Static Topic Bridges
Companies Act, 2013 — Architecture and the Decriminalisation Trajectory
The Companies Act, 2013 is the primary legislation governing the incorporation, regulation, and winding up of companies in India. It replaced the Companies Act, 1956 and introduced a more modern framework with emphasis on corporate governance, shareholder rights, independent directors, and CSR obligations. A key reform trajectory since 2019 has been decriminalisation: the 2019 amendment shifted 16 compoundable offences to an In-house Adjudication Mechanism (IAM); the 2020 amendment removed criminal liability from an additional 35 compoundable offences. The 2026 Amendment Bill continues this process, replacing more criminal provisions with civil monetary penalties — a move seen as removing the "sword of Damocles" over genuine procedural defaults while reserving criminal liability for deliberate fraud and serious violations.
- Companies Act, 2013: 470 sections, 29 chapters, 7 schedules — governs ~2.4 million registered companies in India
- Regulatory authority: Ministry of Corporate Affairs (MCA); quasi-judicial body: National Company Law Tribunal (NCLT)
- Decriminalisation history: 2019 (16 offences → IAM), 2020 (35 offences → civil penalties), 2026 (further decriminalisation proposed)
- Fast-track mergers (Section 233): currently applicable to small companies and holding-subsidiary mergers; 2026 Bill proposes rationalised approval thresholds
- In-house Adjudication Mechanism (IAM): Registrar of Companies (RoC) adjudicates and imposes monetary penalties without court involvement
Connection to this news: The 2026 Bill extends the decriminalisation reform that has been underway since 2019 — targeting the residual set of procedural defaults (such as late filing of annual returns) where criminal prosecution was disproportionate and deterred legitimate business activity.

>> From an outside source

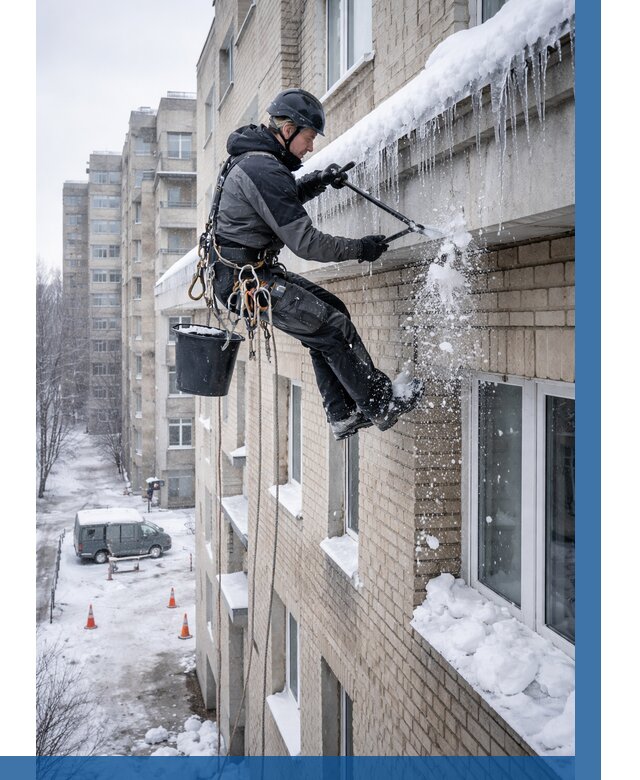 Удаление наледи с карнизов в Красногорске от 356 р. | ВЫСОТНИК-Крр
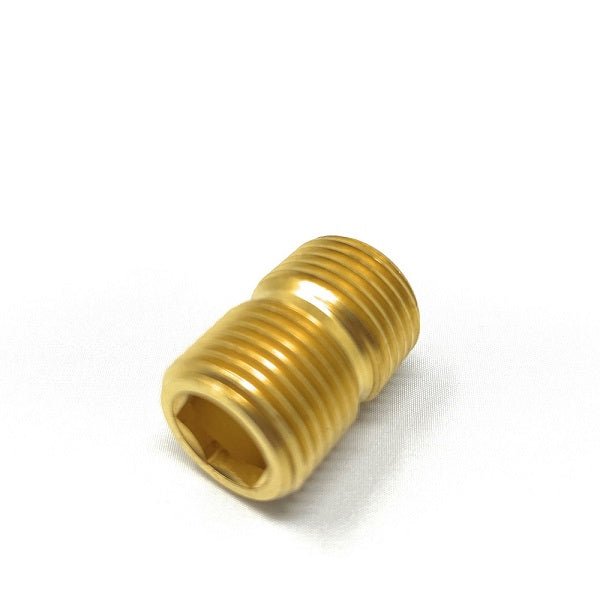 Close-up of a small brass double-threaded pipe fitting with a hexagonal inner socket.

Limited Liability Partnership (LLP) Act, 2008 — Structure and Reform Imperatives
The Limited Liability Partnership Act, 2008 created a hybrid business structure combining the operational flexibility of a partnership with the limited liability protection of a company. LLPs have become popular among professional services firms, start-ups, and small businesses. The Act has been amended fewer times than the Companies Act — the 2021 amendment was notable for decriminalising 12 offences. The 2026 Bill proposes to introduce new definitions linked to the International Financial Services Centre (IFSC) framework — particularly for "Specified IFSC LLPs" — which would allow LLPs to operate in GIFT City (Gujarat International Finance Tec-City) under the jurisdiction of the International Financial Services Centres Authority (IFSCA). This broadens the range of financial entities that can access the IFSC's more flexible regulatory environment.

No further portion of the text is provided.